Start of Information shown

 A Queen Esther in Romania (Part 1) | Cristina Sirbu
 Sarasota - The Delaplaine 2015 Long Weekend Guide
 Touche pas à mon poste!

End of Information shown
Start of Information shown

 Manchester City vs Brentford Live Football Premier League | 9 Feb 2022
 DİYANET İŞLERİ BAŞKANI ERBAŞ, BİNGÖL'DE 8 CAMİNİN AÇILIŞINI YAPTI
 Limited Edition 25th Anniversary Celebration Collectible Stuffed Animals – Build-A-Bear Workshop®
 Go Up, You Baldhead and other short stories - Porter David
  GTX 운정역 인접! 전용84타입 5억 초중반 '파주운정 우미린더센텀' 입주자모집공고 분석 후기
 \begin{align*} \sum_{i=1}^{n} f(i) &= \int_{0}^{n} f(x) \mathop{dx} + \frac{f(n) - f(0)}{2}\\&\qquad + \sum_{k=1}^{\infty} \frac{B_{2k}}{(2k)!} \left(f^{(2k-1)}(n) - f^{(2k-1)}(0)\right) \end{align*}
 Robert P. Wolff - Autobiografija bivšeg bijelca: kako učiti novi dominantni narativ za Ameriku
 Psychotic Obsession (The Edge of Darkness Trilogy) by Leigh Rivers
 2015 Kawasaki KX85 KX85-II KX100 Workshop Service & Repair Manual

End of Information shown

- _Your objective_
Look through the entries above. Extract each line with the word "Workshop".

- _Problem solution_
 Limited Edition 25th Anniversary Celebration Collectible Stuffed Animals – Build-A-Bear Workshop®
 2015 Kawasaki KX85 KX85-II KX100 Workshop Service & Repair Manual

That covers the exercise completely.